The main trouble is that students (or their parents) assume that it is better for them to get into a faculty with a high cut-off. That is the root of many problems.
Just because it is harder to get into a particular faculty or university doesn't necessarily mean that the teaching is any better, nor that the academics are more productive or up-to-date, nor that students will learn more.
To find out about good teaching, you can talk to current students and recent graduates. To find out about the quality of the academics, you can talk informally with others in the same discipline. But it seems that few students choose their course of study because of the quality of the education provided.
Some students attempt to do medicine, law or commerce because they want to make a lot of money - or because their parents want them to. These are bad reasons.
Personally, I would rather not patronise doctors or accountants who entered their professions simply because of the money. Other students attempt to enter difficult-to-enter faculties simply because they are difficult to enter. The key here is status. They wear a badge saying: "Look what I was able to get into."
This is also a bad reason for undertaking a course of study. Who wants to spend their life in an occupation just because it had status once upon a time?
The Arts Faculty at the University of Wollongong has a number of students whose one ambition is to get out of arts and into commerce. Naturally, this is bad for morale among students genuinely interested in arts subjects.
The thing that many students do not realise is that their best choice is to study the subject that really excites them. Ignore the HSC cut-off and the status race. If you really like teaching or physics or philosophy, then study that. Anyone who reads about the psychology of happiness will soon find that happiness has little connection with salary. On the other band, job satisfaction is a key factor in personal happiness.
As for obtaining a job, it is not well enough known that any degree at any university is a virtual guarantee of obtaining a job - although not necessarily in the field of one's study. History graduates have high rates of employment, but few become historians.
HSC scores are not a good predictor of success at university. Neither do sex, ethnic background or type of schooling have much effect on rates of success. Academics know that the best predictor of success is maturity.
The so-called mature-age students, who have some experience outside school, do remarkably well in their studies. As university lecturers, we don't care about HSC scores or past performance. We care about students who know what they want to learn and who put in the effort to learn it.

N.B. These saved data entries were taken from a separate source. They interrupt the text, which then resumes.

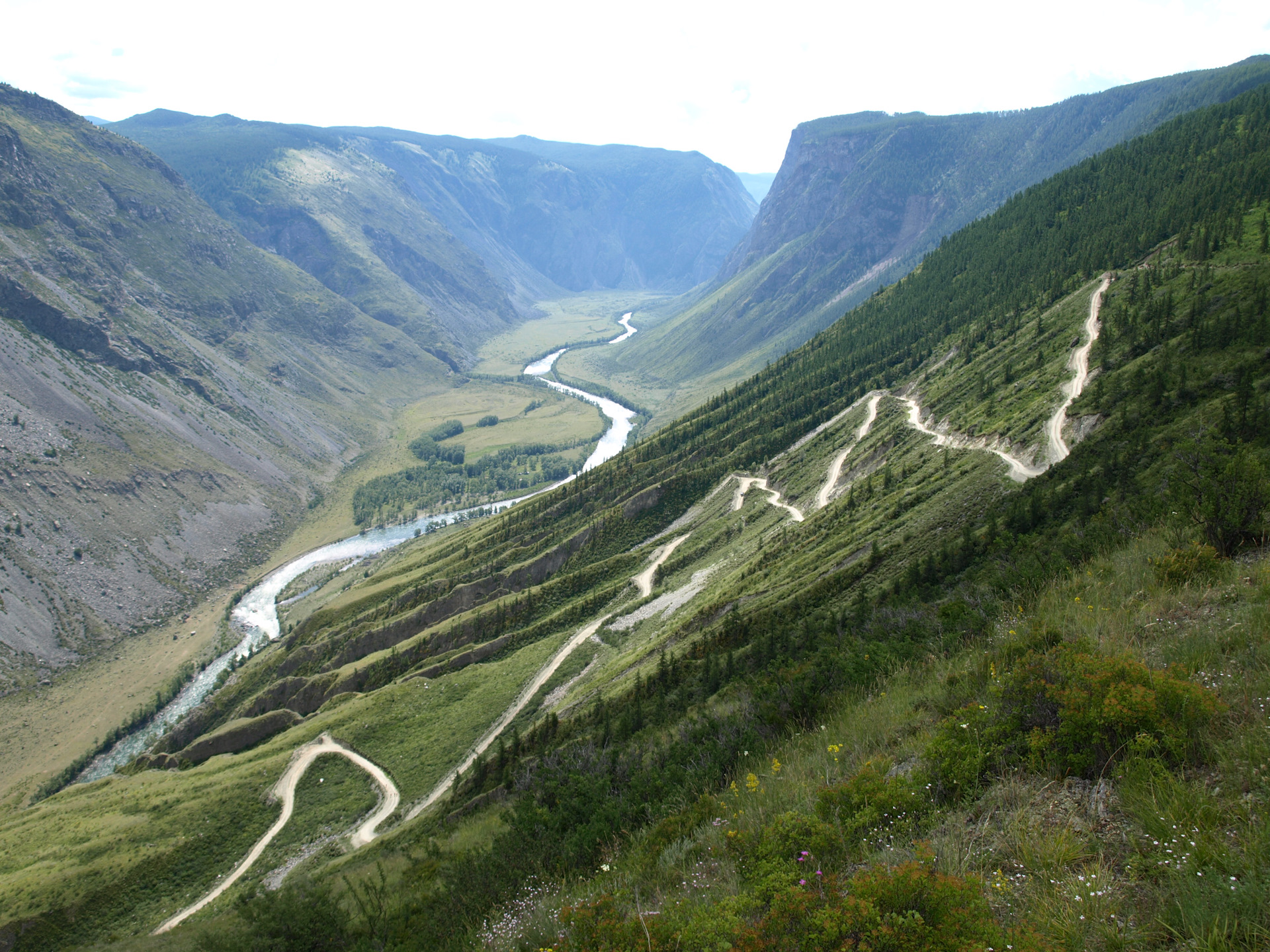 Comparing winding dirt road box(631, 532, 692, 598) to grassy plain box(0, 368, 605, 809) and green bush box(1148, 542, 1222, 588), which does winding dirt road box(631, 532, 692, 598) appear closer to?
green bush box(1148, 542, 1222, 588)

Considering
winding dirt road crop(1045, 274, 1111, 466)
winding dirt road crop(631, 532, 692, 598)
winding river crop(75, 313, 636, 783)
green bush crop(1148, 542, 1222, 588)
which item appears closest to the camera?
green bush crop(1148, 542, 1222, 588)

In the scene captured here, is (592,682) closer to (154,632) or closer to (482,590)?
(482,590)

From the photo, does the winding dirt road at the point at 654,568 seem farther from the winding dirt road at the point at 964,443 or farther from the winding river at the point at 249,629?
the winding river at the point at 249,629

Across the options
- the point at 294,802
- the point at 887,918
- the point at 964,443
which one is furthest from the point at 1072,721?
the point at 294,802

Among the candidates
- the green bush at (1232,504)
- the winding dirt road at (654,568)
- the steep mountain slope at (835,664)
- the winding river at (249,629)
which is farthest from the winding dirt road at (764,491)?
the winding river at (249,629)

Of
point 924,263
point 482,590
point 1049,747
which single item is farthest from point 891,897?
point 924,263

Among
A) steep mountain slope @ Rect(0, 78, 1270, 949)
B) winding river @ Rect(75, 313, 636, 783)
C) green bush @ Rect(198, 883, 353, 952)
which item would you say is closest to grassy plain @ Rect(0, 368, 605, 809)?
winding river @ Rect(75, 313, 636, 783) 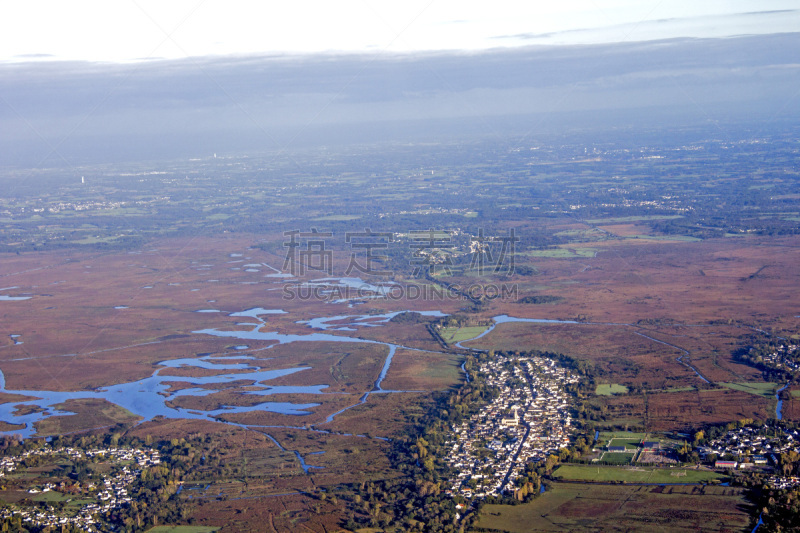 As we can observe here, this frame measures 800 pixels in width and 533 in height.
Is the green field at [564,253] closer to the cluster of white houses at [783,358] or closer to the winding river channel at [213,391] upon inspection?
the winding river channel at [213,391]

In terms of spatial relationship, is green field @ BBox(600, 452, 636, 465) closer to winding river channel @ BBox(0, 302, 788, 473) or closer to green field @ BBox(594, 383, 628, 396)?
green field @ BBox(594, 383, 628, 396)

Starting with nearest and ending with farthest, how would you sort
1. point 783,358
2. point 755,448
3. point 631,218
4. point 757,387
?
point 755,448
point 757,387
point 783,358
point 631,218

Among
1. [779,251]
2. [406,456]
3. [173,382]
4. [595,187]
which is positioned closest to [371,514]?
[406,456]

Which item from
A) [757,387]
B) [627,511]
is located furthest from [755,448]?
[757,387]

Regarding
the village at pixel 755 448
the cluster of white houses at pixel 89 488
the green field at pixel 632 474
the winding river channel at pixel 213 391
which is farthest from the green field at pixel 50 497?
the village at pixel 755 448

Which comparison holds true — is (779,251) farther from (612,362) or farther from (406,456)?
(406,456)

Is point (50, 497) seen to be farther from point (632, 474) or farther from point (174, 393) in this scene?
point (632, 474)

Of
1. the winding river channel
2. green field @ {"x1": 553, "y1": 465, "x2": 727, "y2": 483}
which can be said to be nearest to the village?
green field @ {"x1": 553, "y1": 465, "x2": 727, "y2": 483} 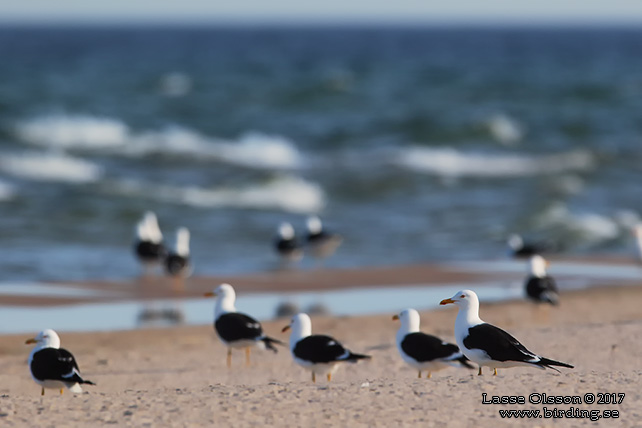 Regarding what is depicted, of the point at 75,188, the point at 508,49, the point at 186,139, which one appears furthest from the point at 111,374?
the point at 508,49

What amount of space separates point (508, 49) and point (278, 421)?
294ft

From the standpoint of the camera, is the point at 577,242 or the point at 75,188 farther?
the point at 75,188

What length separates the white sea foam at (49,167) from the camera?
90.0 feet

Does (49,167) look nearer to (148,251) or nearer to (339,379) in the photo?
(148,251)

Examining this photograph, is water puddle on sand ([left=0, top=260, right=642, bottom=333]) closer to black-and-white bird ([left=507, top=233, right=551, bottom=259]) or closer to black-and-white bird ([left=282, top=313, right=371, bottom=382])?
black-and-white bird ([left=507, top=233, right=551, bottom=259])

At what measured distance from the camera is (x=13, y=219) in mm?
21703

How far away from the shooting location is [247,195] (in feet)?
84.5

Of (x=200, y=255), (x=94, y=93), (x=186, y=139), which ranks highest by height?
(x=94, y=93)

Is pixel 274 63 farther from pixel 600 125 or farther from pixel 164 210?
pixel 164 210

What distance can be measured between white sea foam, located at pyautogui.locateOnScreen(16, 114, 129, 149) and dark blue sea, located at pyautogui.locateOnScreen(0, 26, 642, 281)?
0.09 meters

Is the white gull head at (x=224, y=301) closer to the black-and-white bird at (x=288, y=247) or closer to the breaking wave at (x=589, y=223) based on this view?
the black-and-white bird at (x=288, y=247)

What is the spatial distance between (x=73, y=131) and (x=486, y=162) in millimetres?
13496

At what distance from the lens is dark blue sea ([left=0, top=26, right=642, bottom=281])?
20.4m

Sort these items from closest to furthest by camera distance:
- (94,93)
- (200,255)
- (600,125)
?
(200,255) → (600,125) → (94,93) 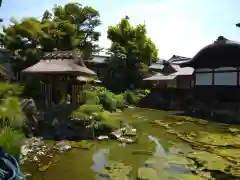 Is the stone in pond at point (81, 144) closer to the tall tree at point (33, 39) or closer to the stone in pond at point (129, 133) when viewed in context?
the stone in pond at point (129, 133)

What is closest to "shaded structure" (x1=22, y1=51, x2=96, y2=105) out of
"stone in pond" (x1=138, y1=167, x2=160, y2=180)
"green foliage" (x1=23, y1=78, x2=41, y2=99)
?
"green foliage" (x1=23, y1=78, x2=41, y2=99)

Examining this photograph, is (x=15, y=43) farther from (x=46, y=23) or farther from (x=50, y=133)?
(x=50, y=133)

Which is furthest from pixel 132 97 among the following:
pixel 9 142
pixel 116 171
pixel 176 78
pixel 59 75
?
pixel 9 142

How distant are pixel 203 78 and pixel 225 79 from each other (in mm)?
2009

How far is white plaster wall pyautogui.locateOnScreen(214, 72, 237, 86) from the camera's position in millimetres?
19609

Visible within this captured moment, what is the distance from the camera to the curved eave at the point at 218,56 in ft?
63.2

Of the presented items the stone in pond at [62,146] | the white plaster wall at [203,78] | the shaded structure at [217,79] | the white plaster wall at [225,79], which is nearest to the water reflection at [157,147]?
the stone in pond at [62,146]

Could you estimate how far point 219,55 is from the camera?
2034 cm

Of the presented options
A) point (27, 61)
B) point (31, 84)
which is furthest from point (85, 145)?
point (27, 61)

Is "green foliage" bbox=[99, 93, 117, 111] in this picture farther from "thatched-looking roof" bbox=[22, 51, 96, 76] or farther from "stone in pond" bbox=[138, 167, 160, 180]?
"stone in pond" bbox=[138, 167, 160, 180]

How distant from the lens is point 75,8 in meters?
29.3

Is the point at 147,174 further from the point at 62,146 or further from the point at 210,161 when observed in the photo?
the point at 62,146

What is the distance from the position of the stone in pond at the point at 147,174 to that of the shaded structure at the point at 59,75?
737 cm

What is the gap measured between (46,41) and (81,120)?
34.0 feet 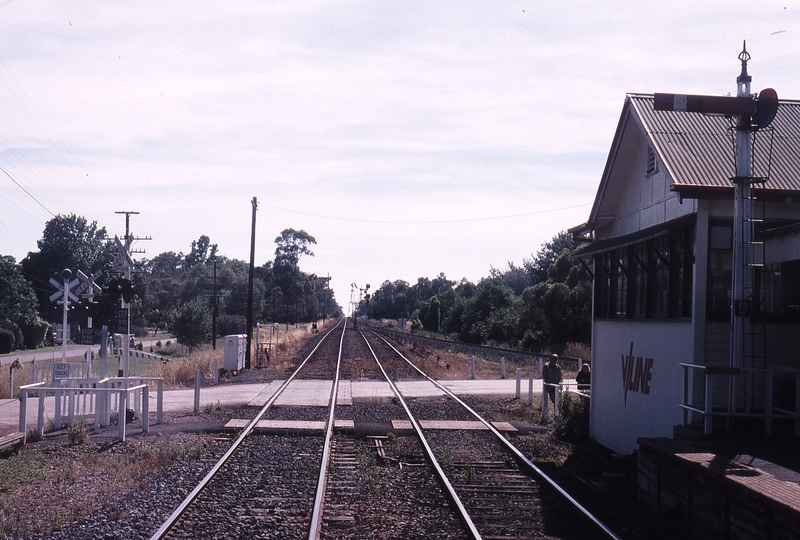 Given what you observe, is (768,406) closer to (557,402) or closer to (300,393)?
(557,402)

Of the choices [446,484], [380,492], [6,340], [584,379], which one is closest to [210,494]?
[380,492]

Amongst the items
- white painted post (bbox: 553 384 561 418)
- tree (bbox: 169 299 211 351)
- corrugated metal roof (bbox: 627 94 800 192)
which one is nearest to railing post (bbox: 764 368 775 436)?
corrugated metal roof (bbox: 627 94 800 192)

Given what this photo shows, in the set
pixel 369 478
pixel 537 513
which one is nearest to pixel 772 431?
pixel 537 513

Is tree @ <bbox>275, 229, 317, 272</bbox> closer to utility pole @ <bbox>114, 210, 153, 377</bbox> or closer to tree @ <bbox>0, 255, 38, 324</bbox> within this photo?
tree @ <bbox>0, 255, 38, 324</bbox>

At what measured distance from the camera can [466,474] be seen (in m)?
10.1

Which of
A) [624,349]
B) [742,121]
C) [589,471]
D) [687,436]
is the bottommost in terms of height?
[589,471]

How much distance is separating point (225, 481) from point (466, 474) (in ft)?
10.5

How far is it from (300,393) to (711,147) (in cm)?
1425

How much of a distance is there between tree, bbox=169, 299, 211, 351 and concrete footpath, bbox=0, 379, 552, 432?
1174 inches

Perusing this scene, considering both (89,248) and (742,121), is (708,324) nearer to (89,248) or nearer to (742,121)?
(742,121)

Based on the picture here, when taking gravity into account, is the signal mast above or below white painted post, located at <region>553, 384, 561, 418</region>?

So unless you know for an absolute certainty what your goal is in life, it is a good idea to take a year or more off after school before entering university. Get a job, join a volunteer organisation, travel around the country, or just sit on the beach. When you've sorted out what you really want to do, then come to university.
Do you really want to be a doctor? Not just for the money? Ask yourself, would you want to be a doctor if the pay were low and the working conditions difficult? Would you work in Vietnam or Peru? They need doctors much more than Australia.
There is yet another delusion among high school students: that glamour occupations, such as medicine and law, are fun to do as well. The fact is that almost all jobs include lots of tedious and boring things. If you love the work, because you love social work or civil engineering, then this will carry you through the boring parts. Why do you think I put up with boring academic meetings, anyway?
Dr Brian Martin is a lecturer in the Department of Science and Technology Studies, University of Wollongong.